Que lui reste-t-il comme marge de manœuvre? Se rabattre sur la classe moyenne. Le choix est pour le moins hasardeux. N’annonce-t-il pas des choix encore plus douloureux?
Le retour de manivelle : l’échec de la politique de Go&Stop
En 2012, l’Etat a pris un gros pari de relancer la machine économique par la demande intérieure. Il pensait amorcer la pompe de l’investissement. Mal lui a pris car, au final, l’on n’est pas parvenu à faire repartir l’investissement, ni public ni privé et encore moins extérieur, et l’on a récolté les charges qui ont grimpé de plus de 60% en deux ans.
Les salaires (des fonctionnaires) et les frais de subvention de l’énergie ont mis l’Etat dos au mur. Les déficits jumeaux explosent. Et la maigre croissance réalisée en 2012 (+3,6%) et environ +3% en 2013 ne donnera pas plus de rentrées à l’Etat afin d’infléchir la tendance. On ne créera pas beaucoup de richesses en 2014. Et tabler sur une hypothèse de croissance de 4% pour boucler le budget est discutable. L’Etat est à découvert.
Un redoutable effet de ciseaux
Le budget est pris entre le marteau des charges qui ont explosé et l’enclume de recettes fiscales inextensibles. Il lui faut obligatoirement trouver des ressources. Le tissu productif est figé. A peine 40% d’entreprises assujetties paient l’impôt sur les sociétés. Le gros du bataillon est en purgatoire fiscal. Près de 20% ne font pas de bénéfices et 40% sont déficitaires. La retenue à la source plafonne avec 2,7 milliards de dinars. Les forfaitaires, faute de volonté politique, n’apporteront pas leur obole. L’informel est hors rang. Donc l’impôt direct plafonne.

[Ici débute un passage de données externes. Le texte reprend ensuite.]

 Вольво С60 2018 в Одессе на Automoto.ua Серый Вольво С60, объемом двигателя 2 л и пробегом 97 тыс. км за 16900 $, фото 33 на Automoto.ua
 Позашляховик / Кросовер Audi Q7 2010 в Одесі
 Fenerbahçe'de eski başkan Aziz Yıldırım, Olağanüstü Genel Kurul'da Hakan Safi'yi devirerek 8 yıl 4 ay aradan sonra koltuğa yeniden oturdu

Ce schéma est difficile à dynamiser à court terme, malgré la volonté affirmée de réformer la fiscalité. C’est donc l’impôt indirect qui sera actionné. Et on devra serrer la vis de la Caisse de compensation en larguant d’abord les subventions de l’énergie. Quel redoutable effet de ciseaux on choisit là!

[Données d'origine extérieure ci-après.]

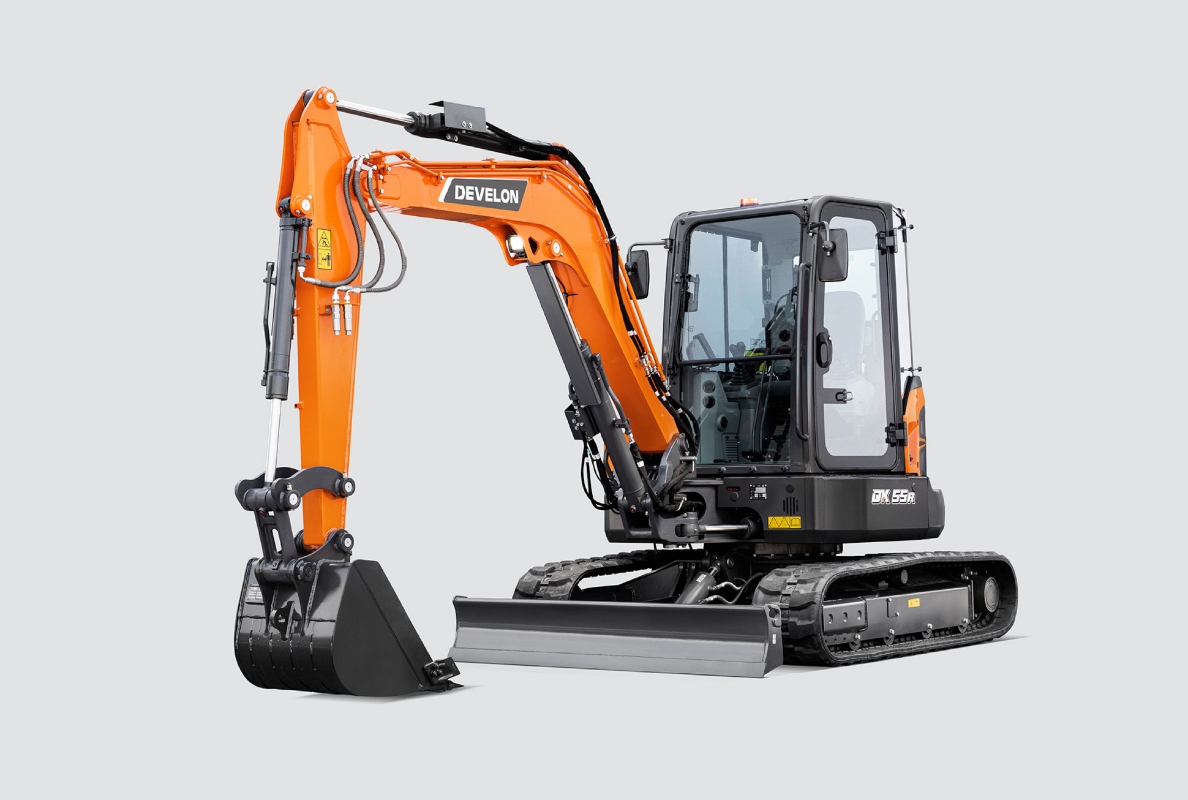 DEVELON DX55R-7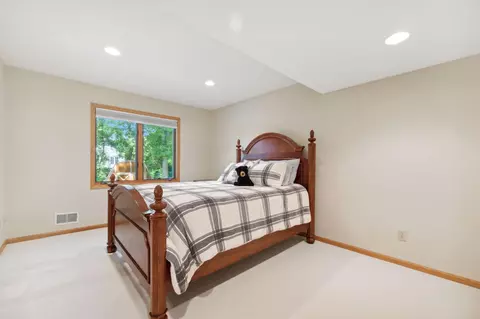 4783 Highcroft Ct, Eagan, MN 55122 photo 36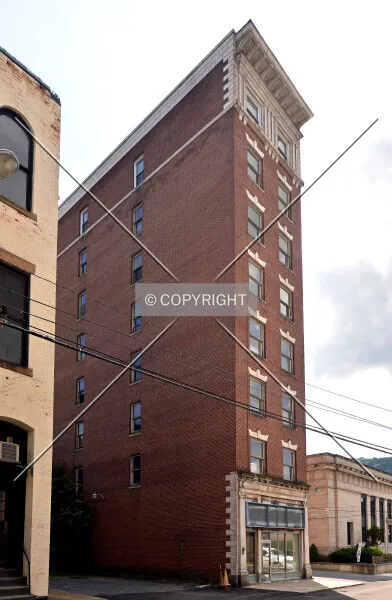 Photo 102-275-014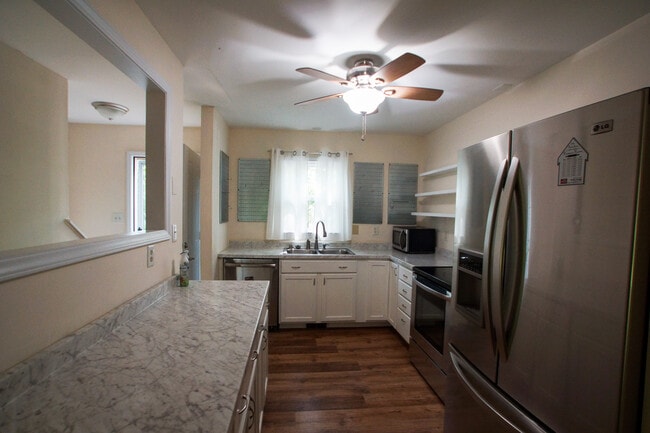 Photo - 102 Weatherstone Dr Townhome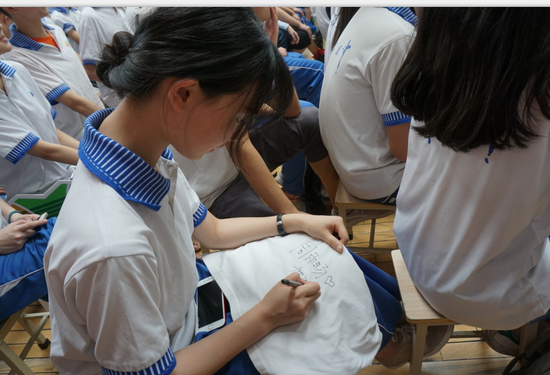 在校服上写祝福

Le flop prévisible de la croissance
En libérant les prix et en rabotant les revenus, l’Etat ne fera qu’asphyxier le pouvoir d’achat des classes moyennes. Or, c’est le seul moteur de la demande intérieure, le seul moteur de croissance qui fonctionne, à l’heure actuelle.
Décrétant haut et fort le gel des salaires pour 2014, sans rebond de productivité attendu, la consommation intérieure devra, mécaniquement, décliner. L’objectif de croissance de 4% pour l’année 2014 devient, de facto, hors d’atteinte. Ajouter à cela la contrainte que le budget a soigneusement omise d’évoquer et qui est le déficit des entreprises publiques qui atteint des paliers critiques.

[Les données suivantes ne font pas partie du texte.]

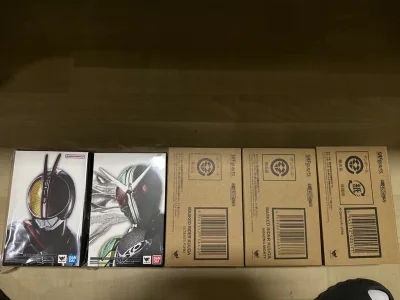 这次有机会拿到了很多全新的faiz真骨雕！非常不错东西也十分完美,很感谢这次卖家的出让机会！淘到了许多好货谢谢！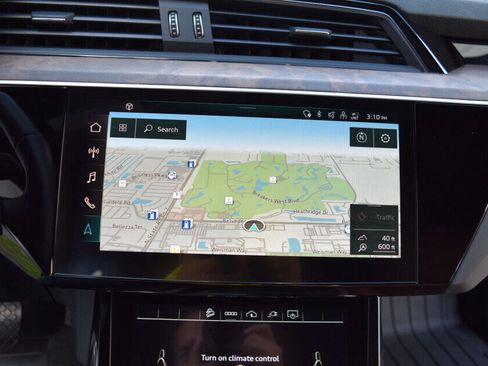 Used 2022 Audi e-tron Premium image 61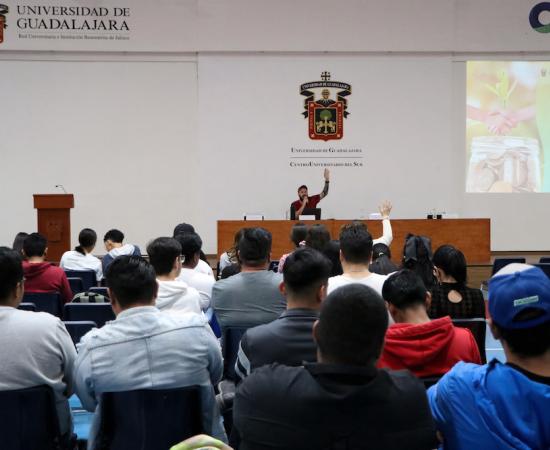 Exploran en el CUSur las economías solidarias y el concepto del buen vivir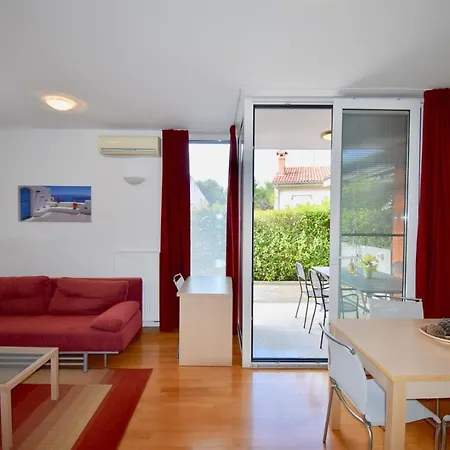 With Private Garage 150 M From The Beach ゲストハウス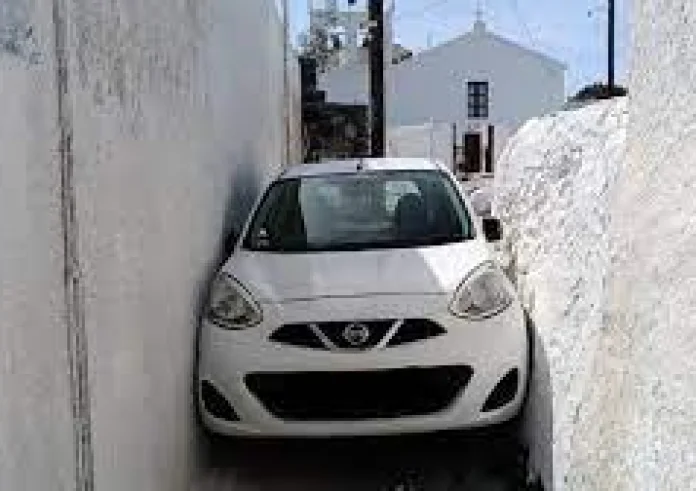 Ένα ταξίδι στον χρόνο από τη Σαντορίνη του σήμερα, στην Ελλάδα του χθες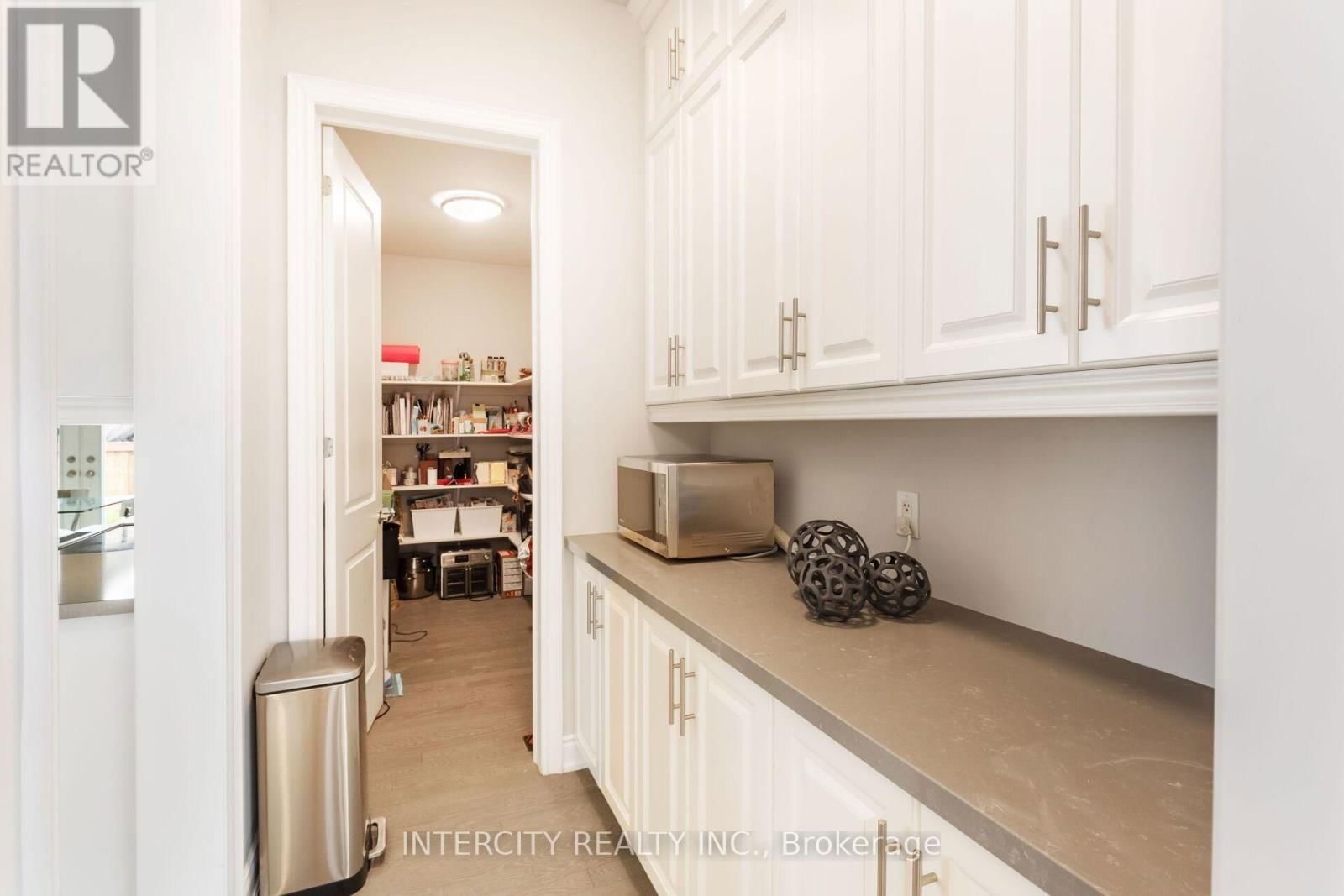 61 DEGREY DRIVE Image 40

Dans ces conditions, que restera-t-il à l’Etat pour disposer d’argent frais? L’endettement en dinar est une issue de secours. Mais, des suites de l’effet d’éviction, elle épongera les ressources qui doivent être allouées au secteur privé. Ou alors elle sera dans l’obligation de tailler dans le vif et de céder les bijoux de famille. Vous verrez, ce ne sera pas simple!